怀疑Record没拿到。于是加了些日志如下UnstructuredStorageWriterUtil.java中doWriteToStream方法;
private static void doWriteToStream(RecordReceiver lineReceiver,
BufferedWriter writer, String contex, Configuration config,
TaskPluginCollector taskPluginCollector) throws IOException {
...省略
Record record = null;
while ((record = lineReceiver.getFromReader()) != null) {
LOG.info("[Unstrctured..Util] write one record.");
UnstructuredStorageWriterUtil.transportOneRecord(record,
nullFormat, dateParse, taskPluginCollector,
unstructuredWriter);
}
// warn:由调用方控制流的关闭
// IOUtils.closeQuietly(unstructuredWriter);
}
2、重新编译插件,/opt/datax/plugin/writer/txtfilewriter/libs路径下替换原来的plugin-unstructured-storage-util-0.0.1-SNAPSHOT.jar 发现日志可以打印出来,说明数据已经收到。
3、重复往kafka里面多放一些数据,发现文件终于写入,但是总是4K大小往上增加。和小伙伴讨论,得到疑点“缓存区是否没清空”

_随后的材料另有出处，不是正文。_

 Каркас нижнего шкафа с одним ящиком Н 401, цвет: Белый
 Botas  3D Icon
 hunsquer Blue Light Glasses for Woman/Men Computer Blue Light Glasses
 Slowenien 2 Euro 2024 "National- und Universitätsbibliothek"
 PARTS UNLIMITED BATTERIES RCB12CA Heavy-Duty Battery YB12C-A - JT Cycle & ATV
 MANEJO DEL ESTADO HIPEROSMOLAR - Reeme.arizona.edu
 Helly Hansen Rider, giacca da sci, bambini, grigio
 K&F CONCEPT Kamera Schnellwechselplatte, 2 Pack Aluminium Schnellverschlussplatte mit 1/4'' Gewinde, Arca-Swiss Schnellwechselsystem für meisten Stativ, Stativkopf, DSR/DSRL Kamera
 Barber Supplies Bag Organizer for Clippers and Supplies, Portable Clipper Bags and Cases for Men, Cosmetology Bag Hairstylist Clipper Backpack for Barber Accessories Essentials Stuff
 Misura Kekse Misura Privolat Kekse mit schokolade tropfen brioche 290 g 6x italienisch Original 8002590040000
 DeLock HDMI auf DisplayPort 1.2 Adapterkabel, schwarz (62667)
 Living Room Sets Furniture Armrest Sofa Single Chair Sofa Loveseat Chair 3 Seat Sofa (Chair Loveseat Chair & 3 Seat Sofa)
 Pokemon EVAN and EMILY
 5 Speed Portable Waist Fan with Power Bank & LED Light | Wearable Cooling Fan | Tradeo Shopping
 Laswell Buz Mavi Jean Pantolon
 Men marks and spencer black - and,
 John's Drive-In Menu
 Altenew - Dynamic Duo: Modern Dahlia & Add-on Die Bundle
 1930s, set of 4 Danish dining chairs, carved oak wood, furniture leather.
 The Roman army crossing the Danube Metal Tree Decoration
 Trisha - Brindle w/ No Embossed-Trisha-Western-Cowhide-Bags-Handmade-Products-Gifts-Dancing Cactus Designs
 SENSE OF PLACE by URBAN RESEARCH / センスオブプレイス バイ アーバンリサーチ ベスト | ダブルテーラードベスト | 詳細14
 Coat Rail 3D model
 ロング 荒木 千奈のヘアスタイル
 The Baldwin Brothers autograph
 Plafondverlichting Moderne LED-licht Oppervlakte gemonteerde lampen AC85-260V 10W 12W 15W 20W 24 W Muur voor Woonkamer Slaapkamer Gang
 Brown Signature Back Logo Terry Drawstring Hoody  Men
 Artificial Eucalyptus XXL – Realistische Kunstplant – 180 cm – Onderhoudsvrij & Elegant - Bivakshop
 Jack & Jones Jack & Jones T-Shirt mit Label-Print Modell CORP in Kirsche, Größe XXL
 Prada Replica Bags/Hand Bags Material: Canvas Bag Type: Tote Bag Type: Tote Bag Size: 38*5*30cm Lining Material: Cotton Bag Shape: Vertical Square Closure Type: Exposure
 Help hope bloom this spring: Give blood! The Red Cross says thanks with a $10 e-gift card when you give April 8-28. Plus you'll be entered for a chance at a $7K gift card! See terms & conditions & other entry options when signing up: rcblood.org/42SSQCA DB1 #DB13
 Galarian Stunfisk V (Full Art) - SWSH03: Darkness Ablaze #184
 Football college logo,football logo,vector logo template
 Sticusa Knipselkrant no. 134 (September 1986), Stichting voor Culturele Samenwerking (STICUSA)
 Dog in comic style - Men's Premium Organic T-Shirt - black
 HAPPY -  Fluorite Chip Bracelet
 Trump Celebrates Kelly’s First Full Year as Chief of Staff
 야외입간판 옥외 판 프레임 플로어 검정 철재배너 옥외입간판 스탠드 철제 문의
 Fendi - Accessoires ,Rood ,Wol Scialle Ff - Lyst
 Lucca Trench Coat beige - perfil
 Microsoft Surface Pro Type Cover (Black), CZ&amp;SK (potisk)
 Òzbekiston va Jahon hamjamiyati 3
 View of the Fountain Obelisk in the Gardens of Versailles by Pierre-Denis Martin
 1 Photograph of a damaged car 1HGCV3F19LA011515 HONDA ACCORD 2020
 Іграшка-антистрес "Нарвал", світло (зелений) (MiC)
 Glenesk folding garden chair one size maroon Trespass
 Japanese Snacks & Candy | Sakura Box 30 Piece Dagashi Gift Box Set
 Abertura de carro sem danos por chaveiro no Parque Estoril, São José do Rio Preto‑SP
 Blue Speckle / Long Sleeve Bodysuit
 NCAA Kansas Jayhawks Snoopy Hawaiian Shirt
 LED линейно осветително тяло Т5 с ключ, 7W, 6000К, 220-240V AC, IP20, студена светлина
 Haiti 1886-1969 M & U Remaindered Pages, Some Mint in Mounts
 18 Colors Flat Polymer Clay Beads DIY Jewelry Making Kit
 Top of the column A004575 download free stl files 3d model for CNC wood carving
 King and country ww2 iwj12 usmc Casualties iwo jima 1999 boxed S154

4、果断验证一下,在transportOneRecord里面增加flush()方法,如下
public static void transportOneRecord(Record record, String nullFormat,
DateFormat dateParse, TaskPluginCollector taskPluginCollector,
UnstructuredWriter unstructuredWriter) {
// warn: default is null
if (null == nullFormat) {
nullFormat = "null";
}
try {
//省略
}
unstructuredWriter.writeOneRecord(splitedRows);
//新增一行
unstructuredWriter.flush();
} catch (Exception e) {
// warn: dirty data
taskPluginCollector.collectDirtyRecord(record, e);
}
}
重新编译,替换,运行。
显然最后生效了。
这是datax的一个bug,只有在reader线程常驻的时候存在。
正好帮我水一贴。